Kim has the most reviews (5,807 reviews!) with an average rating of 3.77 stars.

  1. What cities are represented in the businesses table? Find out by querying the number of businesses per city. Use LIMIT to start, just in case there are hundreds of cities. Write down a few of the city names. Do you notice anything interesting?
SELECT COUNT(*), city
FROM businesses
GROUP BY city
ORDER BY city
LIMIT 0, 100;
Displaying records 1 - 10
COUNT(*) city
4 Ahwatukee
34 Anthem
46 Apache Junction
129 Avondale
31 Buckeye
20 Carefree
48 Casa Grande
65 Cave Creek
865 Chandler
1 Charleston

There appear to be cities in Phoenix as well as in Pheonix (??). And a few of the city names include the AZ to indicate that they are in Arizona.
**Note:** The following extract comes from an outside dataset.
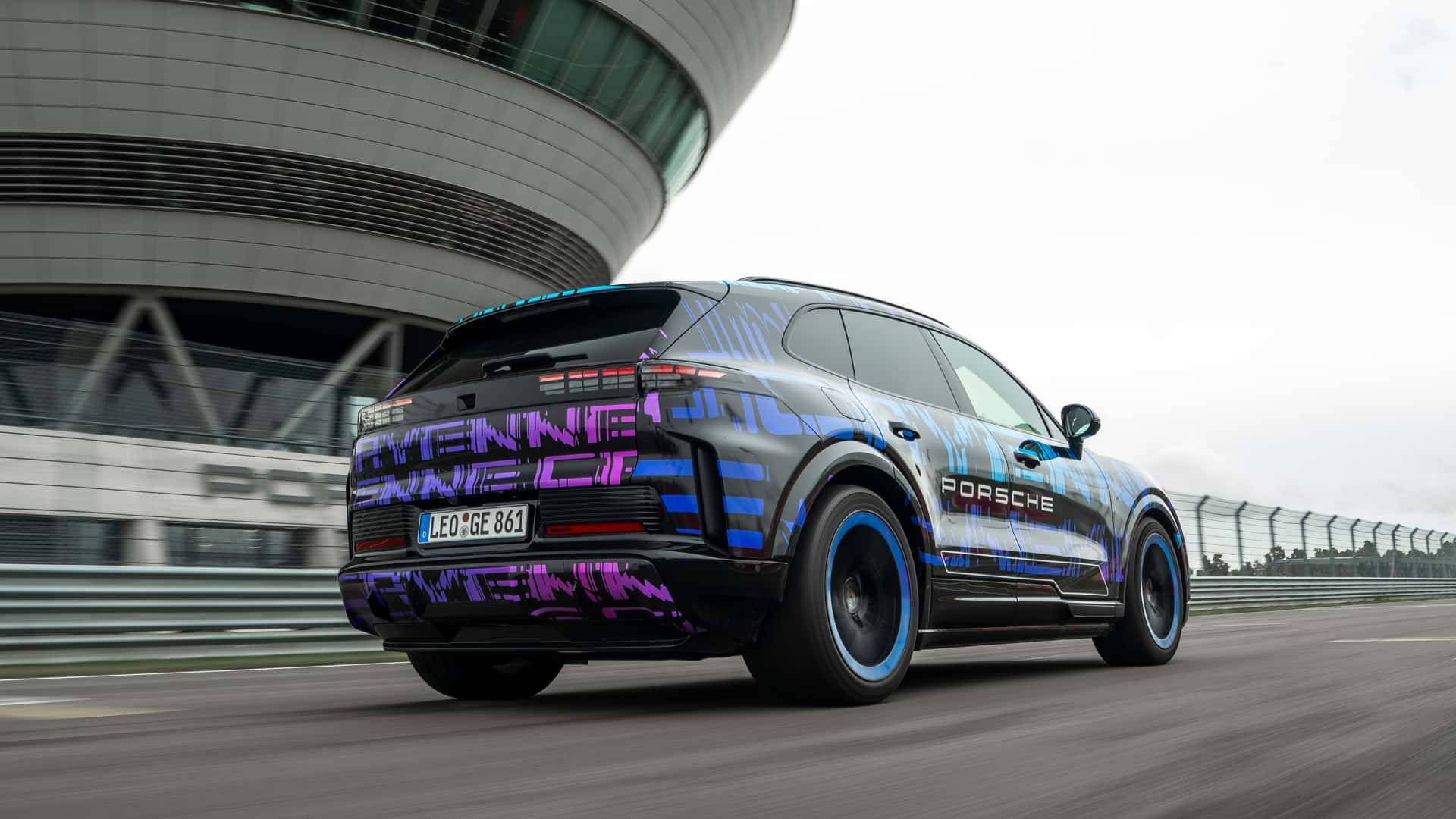 保時捷卡宴電動版內飾官圖曝光:中控曲面屏!?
Before really working with the data, we would want to clean up the city names.

  1. Find the businesses in “Carefree” (a city in Arizona). Write down the names of a few of the businesses.
SELECT id, name, stars, open, review_count, city
FROM businesses
WHERE city = "Carefree"
LIMIT 0, 50;
Displaying records 1 - 10
id name stars open review_count city
K0v87iFgB3sXSzw6e-BJ5w AZ Wine Company 5 TRUE 8 Carefree
nZ0mUQEdez-CHrykD2nNLA Carefree Resort & Conference Center 3 TRUE 30 Carefree
c4FLMLP7hMnAbSiW2o_o3A Saguaro Grille 3 FALSE 5 Carefree
QygMZmPO8A6OaJYO2a0pnw Studio C Hair Salon 5 TRUE 3 Carefree
Z85BGr-jnEWvoI4xAnoh3g Lowe’s Home Improvement Warehouse of Phoenix 4 TRUE 6 Carefree
SahvCnFp3OvUVZIAYCyckw 34 Easy St 4 FALSE 3 Carefree
jdStuaC_1leN_DNGcQ0yEw Latilla 5 FALSE 5 Carefree
AwUMl0PT3mdkPS7huzEUYQ Balloon Festival 1 TRUE 4 Carefree
MHPXDXVE_cUYodfPhkadeQ Black Mountain Coffee Shop 4 TRUE 11 Carefree
OvlAlAkiyyCILkq-TylBWg The Sundial Cafe 3 TRUE 7 Carefree
  1. Count the number of records resulting when the query connects the users with the reviews using a JOIN. How many records are there? What does that tell you about the two tables?
SELECT COUNT(*)
FROM users
JOIN reviews ON users.user_id = reviews.user_id
LIMIT 0, 100;
1 records
COUNT(*)
215879

Because there are fewer records in the join, we know that some reviews were done by users that are not in the users table.

  1. How many users wrote reviews in the reviews table but do not exist in the users table. Hint: use a RIGHT JOIN to keep all the reviews, and then look for the rows where the user_id from the users table IS NULL.
SELECT COUNT(DISTINCT reviews.user_id)
FROM users
RIGHT JOIN reviews ON users.user_id = reviews.user_id
WHERE users.user_id IS NULL;
1 records
COUNT(DISTINCT reviews.user_id)
2108

There are 2,108 users who wrote 14,028 reviews and who are not in the users table.

  1. Write a query to ask a question that you think is interesting and uses at least one join. Provide both the question (in words) as well as the SQL code and results.